Open ipaqmaster opened 7 months ago
I should work on my Titles.
It seems steamwebhelper
is maxing out 4 CPU threads to 100%. Every few seconds another of its threads joins in maxing out a total of 5 CPU threads. This core has 24 threads available so I'm hoping this isn't a major contributor, but I want to eliminate it to lessen the overall system load in hopes to fix this problem.
I notice it's running with --disable-gpu-compositing --disable-gpu
. I've gone to Steam's settings and have toggled on Enable GPU accelerated rendering in web views (requires restart)
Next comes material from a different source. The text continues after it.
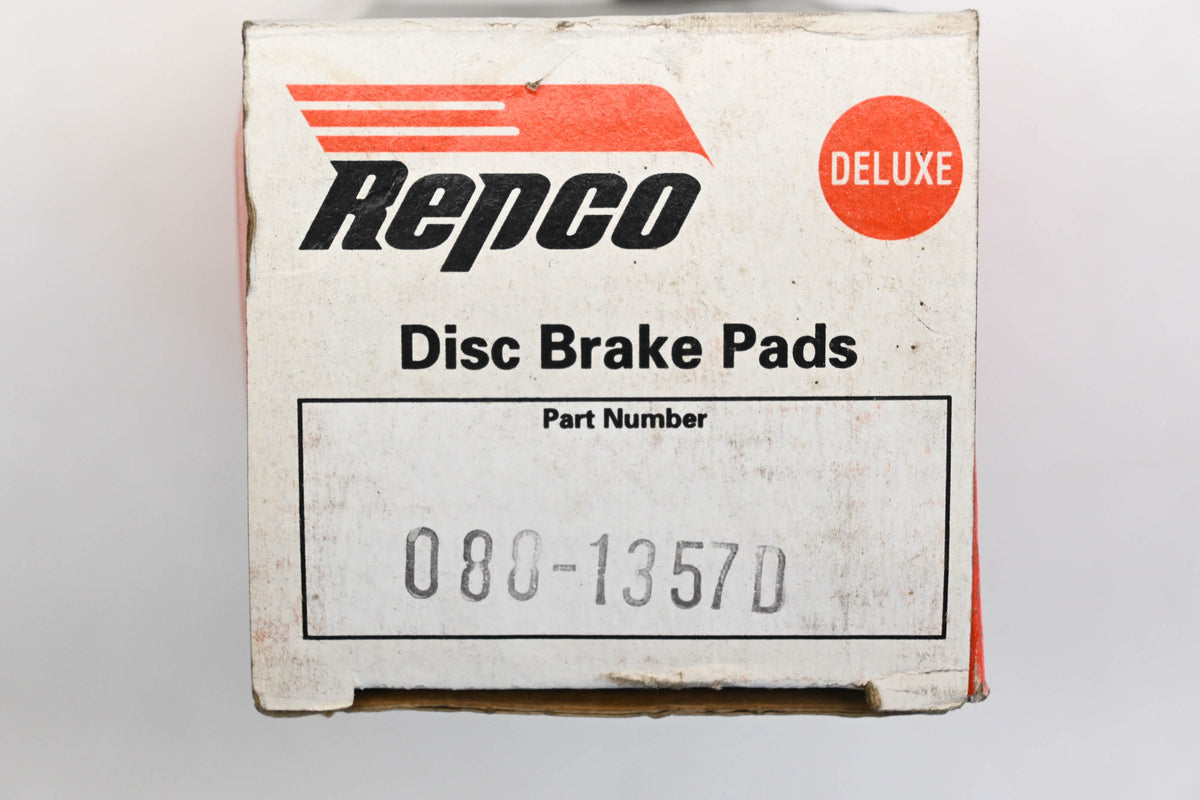 Repco 088-1357D Deluxe Disc Brake Pad Kit NOS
to help lessen this 4-5 cpu 100% load from that process hopefully off to the GPU. Doing this caused my /data/steam
dataset to become undefined in Steam making it look like my games were uninstalled. Trying to add the library still exhibits an empty list where dir's are supposed to be, so it was necessary to launch with steam -console
and running library_folder_add /data/steam
in that to do the trick.
I also (shamefully) noticed via atop 1
that syncoid
was invoking in the background every so often causing a bunch of near-realtime ZFS snapshots to be sent at 1GBPS to the nearby NAS. I was able to reproduce the frame time increases by running iperf3 -s
on the router and iperf3 -c routerHostname -P20
to push data to it maxing out my 1GBPS Ethernet link. Looking at lspci -v
revealed the Ethernet controller on this motherboard has a lower IRQ than the NVIDIA graphics card which was probably part of the cause when the interface pushed out the occasional snapshot in a few seconds.
Temporarily suspending syncoid
's replication of this desktop while cs2
is running without a doubt will be improving things here... but the frame time latency is still increasing periodically (Often perceived as a 1s+ freeze and then a rubberbanding from the server for doing so.) despite not much other CPU or PCIe load to blame at this point.
I'll continue digging. But enabling GPU acceleration in Steam's settings has cleaned up the top process list as seen by htop -d 0.1
a ton. I can only see cs2 as the top process now.
The latest update has bought many cool new features and some from CS;GO's era. But I found tonight was rubber-banding constantly every few seconds during all fights and the frame-time was spiking to 150ms+ constantly with stutters (Followed by more rubber-banding due to stuttering).
It was so bad. But the CPU, GPU and other system load was flawless.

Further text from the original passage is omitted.